"Death to Traitors," reads the white-lettered red sign above deeply rutted Saint Michel Boulevard in downtown Cotonou, the regional center for this Marxist country's capitalist trade with its West African neighbors.

The boulevard is crowded with pedestrians. African traders from Nigeria and Upper Volta mingle with Europeans, all haggling with myriad shopkeepers for the consumer goods they will carry across Benin's borders, taking care to hide most of them from the prying eyes of custom officials.

Le Benin Movie House is showing the usual West African fare or romance movies from India, Japanese karate films and French spy thrillers -- all banned as bourgeois entertainment in most other leftist revolutionary countries.

One of the ironies in this Pennsylvania-sized Marxist country is that the freewheeling capitalist commercial activity is the only healthy sector of the economy.

Beyond the billboards and deteriorated streets, it is hard for Western visitors to assess what Benin's six-year-old Marxist revolution has achieved. Visitors to Benin's Information Ministry are received brusquely and suspiciously.

Benin, one of Africa's poorest countries, became independent from France in 1960 as the nation of Dahomey. Dahomey was plagued with upheaval almost from the start and established an African record of six bloodless military coups in its first 12 years of independence.

The country's troubles could be traced to discontent among the large number of unemployed among the educated elite and rivalries among the more than 40 tribal groups that make up Benin's 3.4 million people.

In 1972, Lt. Col. Mathieu Kerekou seized power in a coup and since then, Benin has enjoyed its longest period of relative domestic peace. Two years later, Kerekou declared a Marxist state and changed the country's name from Dahomey to Benin. He declared the Benin People's Revolutionary Party the country's only legitimate political organization.

Since then, Kerekou's government has uncovered two alleged coup plots. But the most serious challenge to his government was a bungled mercenary-led invasion of Contonou three years ago by disgruntled Beninese exiles.

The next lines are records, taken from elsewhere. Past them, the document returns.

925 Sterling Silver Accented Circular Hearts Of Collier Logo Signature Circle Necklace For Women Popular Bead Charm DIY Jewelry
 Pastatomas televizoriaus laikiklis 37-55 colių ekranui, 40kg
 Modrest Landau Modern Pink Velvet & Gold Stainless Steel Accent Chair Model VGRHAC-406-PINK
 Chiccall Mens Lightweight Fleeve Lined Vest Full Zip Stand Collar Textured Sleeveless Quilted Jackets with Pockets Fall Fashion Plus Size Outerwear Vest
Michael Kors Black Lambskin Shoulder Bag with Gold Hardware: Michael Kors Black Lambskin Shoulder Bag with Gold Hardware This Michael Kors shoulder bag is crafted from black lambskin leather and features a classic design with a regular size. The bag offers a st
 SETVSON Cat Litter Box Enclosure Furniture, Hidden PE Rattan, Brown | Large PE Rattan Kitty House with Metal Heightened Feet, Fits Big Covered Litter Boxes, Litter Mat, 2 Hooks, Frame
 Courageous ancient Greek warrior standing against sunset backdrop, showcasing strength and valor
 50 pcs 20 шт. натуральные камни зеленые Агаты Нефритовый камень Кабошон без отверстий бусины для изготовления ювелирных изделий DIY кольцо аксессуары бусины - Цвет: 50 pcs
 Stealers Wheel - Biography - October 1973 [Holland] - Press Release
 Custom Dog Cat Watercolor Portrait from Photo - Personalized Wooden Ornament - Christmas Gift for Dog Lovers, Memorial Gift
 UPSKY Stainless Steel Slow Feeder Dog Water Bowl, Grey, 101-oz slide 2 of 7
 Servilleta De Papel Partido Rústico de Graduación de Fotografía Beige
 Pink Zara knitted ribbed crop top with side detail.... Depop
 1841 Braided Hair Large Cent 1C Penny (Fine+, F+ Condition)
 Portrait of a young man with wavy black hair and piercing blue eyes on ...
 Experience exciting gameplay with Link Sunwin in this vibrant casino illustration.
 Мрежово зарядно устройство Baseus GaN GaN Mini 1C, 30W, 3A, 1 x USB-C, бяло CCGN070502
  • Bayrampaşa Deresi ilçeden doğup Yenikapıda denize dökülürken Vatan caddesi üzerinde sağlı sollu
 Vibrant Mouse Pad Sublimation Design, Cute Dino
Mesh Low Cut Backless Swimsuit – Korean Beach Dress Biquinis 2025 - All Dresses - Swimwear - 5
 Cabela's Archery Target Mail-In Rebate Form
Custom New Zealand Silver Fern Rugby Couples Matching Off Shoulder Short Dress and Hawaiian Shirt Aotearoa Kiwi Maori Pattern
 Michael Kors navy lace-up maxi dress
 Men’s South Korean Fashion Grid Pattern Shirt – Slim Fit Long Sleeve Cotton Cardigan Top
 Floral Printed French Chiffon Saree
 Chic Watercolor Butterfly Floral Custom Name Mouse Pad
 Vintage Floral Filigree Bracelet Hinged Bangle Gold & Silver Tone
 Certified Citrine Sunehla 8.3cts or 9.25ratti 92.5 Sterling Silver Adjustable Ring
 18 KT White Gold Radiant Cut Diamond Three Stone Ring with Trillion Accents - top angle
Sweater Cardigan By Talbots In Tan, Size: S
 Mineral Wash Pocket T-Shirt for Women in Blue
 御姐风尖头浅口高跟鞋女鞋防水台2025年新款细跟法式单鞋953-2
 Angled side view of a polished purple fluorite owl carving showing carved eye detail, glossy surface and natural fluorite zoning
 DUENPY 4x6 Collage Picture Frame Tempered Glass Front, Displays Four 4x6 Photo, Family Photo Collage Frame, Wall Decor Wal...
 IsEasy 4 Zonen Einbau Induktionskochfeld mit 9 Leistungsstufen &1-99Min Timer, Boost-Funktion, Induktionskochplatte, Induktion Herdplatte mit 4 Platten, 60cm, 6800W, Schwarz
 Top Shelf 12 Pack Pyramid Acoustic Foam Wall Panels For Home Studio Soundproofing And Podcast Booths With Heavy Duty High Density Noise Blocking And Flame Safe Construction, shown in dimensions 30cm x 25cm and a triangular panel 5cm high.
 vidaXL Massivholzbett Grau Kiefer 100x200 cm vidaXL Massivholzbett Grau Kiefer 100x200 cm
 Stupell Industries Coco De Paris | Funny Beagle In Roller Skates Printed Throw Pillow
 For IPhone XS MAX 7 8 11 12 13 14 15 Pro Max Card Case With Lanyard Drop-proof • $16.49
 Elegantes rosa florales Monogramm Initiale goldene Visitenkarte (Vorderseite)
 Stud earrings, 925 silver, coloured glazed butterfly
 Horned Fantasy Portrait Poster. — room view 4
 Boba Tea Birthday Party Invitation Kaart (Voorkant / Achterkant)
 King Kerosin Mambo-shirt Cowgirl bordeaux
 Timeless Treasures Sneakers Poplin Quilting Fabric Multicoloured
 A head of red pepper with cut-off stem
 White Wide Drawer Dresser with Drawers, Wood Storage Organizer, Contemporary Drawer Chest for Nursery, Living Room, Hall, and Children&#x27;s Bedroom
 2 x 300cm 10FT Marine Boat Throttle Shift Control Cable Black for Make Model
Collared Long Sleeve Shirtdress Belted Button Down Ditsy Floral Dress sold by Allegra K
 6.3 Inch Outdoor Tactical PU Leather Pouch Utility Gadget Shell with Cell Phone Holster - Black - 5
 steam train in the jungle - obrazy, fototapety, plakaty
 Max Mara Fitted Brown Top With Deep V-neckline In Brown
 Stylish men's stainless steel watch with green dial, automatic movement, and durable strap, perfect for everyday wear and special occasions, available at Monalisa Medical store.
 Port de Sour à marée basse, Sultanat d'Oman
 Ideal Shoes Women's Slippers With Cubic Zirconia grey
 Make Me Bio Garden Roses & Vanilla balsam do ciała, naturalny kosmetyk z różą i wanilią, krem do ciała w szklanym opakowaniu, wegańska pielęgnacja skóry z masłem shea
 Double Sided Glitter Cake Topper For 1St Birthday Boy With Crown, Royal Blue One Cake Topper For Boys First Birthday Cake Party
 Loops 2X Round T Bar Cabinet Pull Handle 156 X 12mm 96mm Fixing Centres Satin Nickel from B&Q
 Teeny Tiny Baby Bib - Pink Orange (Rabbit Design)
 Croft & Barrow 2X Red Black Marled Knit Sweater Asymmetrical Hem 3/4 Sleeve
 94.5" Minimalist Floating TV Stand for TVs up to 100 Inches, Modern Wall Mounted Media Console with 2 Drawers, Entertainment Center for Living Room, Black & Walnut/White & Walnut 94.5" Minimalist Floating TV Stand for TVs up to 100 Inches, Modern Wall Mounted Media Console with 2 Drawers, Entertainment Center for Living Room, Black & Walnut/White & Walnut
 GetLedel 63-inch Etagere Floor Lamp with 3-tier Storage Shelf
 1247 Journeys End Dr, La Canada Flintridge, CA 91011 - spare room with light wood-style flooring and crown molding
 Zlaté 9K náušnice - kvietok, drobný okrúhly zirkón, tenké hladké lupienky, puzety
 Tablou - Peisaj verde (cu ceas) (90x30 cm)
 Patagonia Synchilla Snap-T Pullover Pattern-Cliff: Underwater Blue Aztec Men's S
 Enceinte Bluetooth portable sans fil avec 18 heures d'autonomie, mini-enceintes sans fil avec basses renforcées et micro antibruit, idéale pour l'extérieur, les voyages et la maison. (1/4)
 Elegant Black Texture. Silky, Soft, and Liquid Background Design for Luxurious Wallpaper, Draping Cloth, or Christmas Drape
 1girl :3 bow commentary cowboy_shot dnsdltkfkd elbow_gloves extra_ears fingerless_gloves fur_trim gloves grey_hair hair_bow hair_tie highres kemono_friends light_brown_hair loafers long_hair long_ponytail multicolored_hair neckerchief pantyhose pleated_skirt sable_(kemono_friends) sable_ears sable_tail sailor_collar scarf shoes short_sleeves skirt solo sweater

A U.N. commission report on the invasion said it was mounted by an exile group called the Dahomean Liberation Front and was launched from Libreville, the capital of Gabon. The group of invaders reportedly included a French adviser to Gabon's president, Omar Bongo.

The invaders flew into the airport at Cotonou and shot their way into the downtown area. But when they did not inspire the civilian uprising they had hoped for, they retreated to the airport and left. Only a few casualties were suffered on each side.

The exiles belonged to Benin's perpetually disgruntled elites, who have been leaving the country in increasing numbers in recent years despite the restrictions on obtaining government exit visas. This exodus has drained the country of much-needed trained manpower.

But Kerekou's government is popular among Behin's traders and peasants, who had been unhappy under previous governments, according to several foreign observers.

Following the example of Benin's three major trading partners, Nigeria, Ghana and Upper Volta, Kerekou has put a civilian face on his government.

The 350-member Revolutionary National Assembly was handpicked by Kerekou last November and was seated in February. Peasants were given 76 seats, the bourgeoisie holds eight, Protestants, Catholics and Moslems were given a seat each, while animists, the followers of traditional religious who comprise 65 percent of the population, were given 3 seats.

Kerekou also recently reshuffled his all-military Cabinet, dropping more radical members in favor of more pragmatic civilians. This move may have caused some resentment among the officers he returned to the barracks, according to one informed observer.

The shakeup is interpreted to be part of an effort to break the inertia in the government bureaucracy. The government is not oppressive, a Western source said, but bureaucrats do not like to take the initiative for fear of being accused of being counterrevolutionary. Nothing, he added, is done without the written approval of the Revolutionary Party's Central Committee.

Although statistics are impossible to come by, agricultural exports, which supply most of Benin's revenue, have declined sharply since the mid-1970s. Foreign observers blame several years of drought and mismangement of the central government marketing system. Spiraling oil prices have also hurt Benin, whose yearly budget is less than $100 million.

Despite Benin's close ties to the Soviet Union, Cuba, China, North Korea and Libya, the lion's share of the $20 million in aid it annually receives comes from France, although relations between the two countries are cool. American aid financed building of a $13 million bridge that opened last year.

But official contacts between Beninese officials and American diplomats are sparse. All approaches must be approved by a note from the Security Ministry. Relations degenerated in February when the government gave the U.S. consul 24 hours to leave the country after he had been identified in the Paris-based magazine, Jeune Afrique, as a CIA spy. Last month, the U.S. government retaliated by giving the Beninese consul a week to leave Washington.